Rebuild the index after bulk operations:

ix.optimize()  # Rebuilds index for optimal performance

Search Performance¶

Memory Mapping:

For large indexes, use memory-mapped files:

from semlix.stores import BM25sStore

# When loading
store = BM25sStore.load(index_dir, mmap=True)

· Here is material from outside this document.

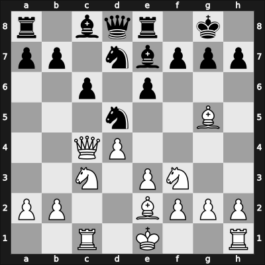 1932 Leningrad Ch – Round 1 – Ragozin, Viacheslav – 1-0 – Goldberg, Grigory A – G22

This reduces memory usage and improves cache efficiency.

Field Caching:

Cache frequently accessed fields:

cache = FieldCache(ix, max_size=10000)
cache.cache_field("title")
cache.cache_field("category")

Migration¶

From FileStorage¶

Migrate an existing FileStorage index to BM25:

from semlix.tools import migrate_to_bm25

migrate_to_bm25(
    source_dir="old_whoosh_index",
    target_dir="new_bm25_index",
    batch_size=1000
)

The migration process:

Opens the source index
Creates a new BM25 index with the same schema
Copies all documents with progress tracking
Optimizes the new index

Custom Migration:

For more control, use IndexMigrator:

from semlix.tools import IndexMigrator
from semlix.index import open_dir
from semlix.bm25 import create_bm25_index

migrator = IndexMigrator(verbose=True)

source = open_dir("old_index")
target = create_bm25_index("new_index", source.schema)

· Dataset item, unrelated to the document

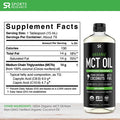Sports Research Keto MCT Oil from Organic Coconuts Fatty Acid Fuel for Body Brain Dual Ingredient C8 and C10 MCTs Perfect in Coffee Tea More NonGMO Vegan Unflavored 40 Oz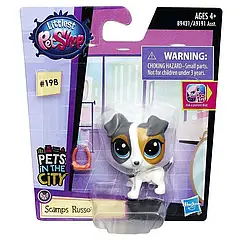 Фігурка Littlest Pet Shop Scamps Russo #198 Pets in the City — милий песик від Hasbro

with source.searcher() as searcher:
    with target.writer() as writer:
        for docnum in range(searcher.reader().doc_count_all()):
            fields = searcher.stored_fields(docnum)

            # Optional: filter documents during migration
            if should_migrate(fields):
                writer.add_document(**fields)

Compatibility¶

Index Protocol¶

BM25Index implements the complete semlix Index protocol:

✅ writer() / reader() / searcher()
✅ optimize() / doc_count() / is_empty()
✅ add_field() / remove_field()
✅ latest_generation() / refresh()
✅ Schema management
✅ Context managers

This means BM25Index is a drop-in replacement for FileIndex.

HybridSearcher¶

Works directly with HybridSearcher for semantic search:

from semlix.bm25 import open_bm25_index
from semlix.semantic import HybridSearcher, SentenceTransformerProvider
from semlix.semantic.stores import PgVectorStore

ix = open_bm25_index("my_index")
embedder = SentenceTransformerProvider()
vectors = PgVectorStore("postgresql://localhost/mydb", dimension=384)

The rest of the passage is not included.